What you will do => Set down every record below exactly as written.

(Records from a data collection)
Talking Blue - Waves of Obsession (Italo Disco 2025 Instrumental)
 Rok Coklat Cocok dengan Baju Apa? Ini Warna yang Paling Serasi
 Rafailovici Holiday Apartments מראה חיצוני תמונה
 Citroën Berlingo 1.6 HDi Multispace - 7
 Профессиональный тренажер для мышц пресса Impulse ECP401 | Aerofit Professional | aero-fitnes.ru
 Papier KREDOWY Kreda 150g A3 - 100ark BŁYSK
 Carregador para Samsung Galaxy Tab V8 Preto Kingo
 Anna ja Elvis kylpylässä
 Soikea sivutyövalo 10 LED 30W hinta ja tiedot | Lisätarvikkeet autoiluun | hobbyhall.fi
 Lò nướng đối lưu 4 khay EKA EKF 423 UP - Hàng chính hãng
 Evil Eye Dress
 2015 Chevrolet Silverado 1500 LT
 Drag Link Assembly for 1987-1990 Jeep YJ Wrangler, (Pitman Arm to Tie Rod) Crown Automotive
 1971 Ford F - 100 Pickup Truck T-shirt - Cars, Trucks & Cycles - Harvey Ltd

Solution for this problem =>
Talking Blue - Waves of Obsession (Italo Disco 2025 Instrumental)
 Rok Coklat Cocok dengan Baju Apa? Ini Warna yang Paling Serasi
 Rafailovici Holiday Apartments מראה חיצוני תמונה
 Citroën Berlingo 1.6 HDi Multispace - 7
 Профессиональный тренажер для мышц пресса Impulse ECP401 | Aerofit Professional | aero-fitnes.ru
 Papier KREDOWY Kreda 150g A3 - 100ark BŁYSK
 Carregador para Samsung Galaxy Tab V8 Preto Kingo
 Anna ja Elvis kylpylässä
 Soikea sivutyövalo 10 LED 30W hinta ja tiedot | Lisätarvikkeet autoiluun | hobbyhall.fi
 Lò nướng đối lưu 4 khay EKA EKF 423 UP - Hàng chính hãng
 Evil Eye Dress
 2015 Chevrolet Silverado 1500 LT
 Drag Link Assembly for 1987-1990 Jeep YJ Wrangler, (Pitman Arm to Tie Rod) Crown Automotive
 1971 Ford F - 100 Pickup Truck T-shirt - Cars, Trucks & Cycles - Harvey Ltd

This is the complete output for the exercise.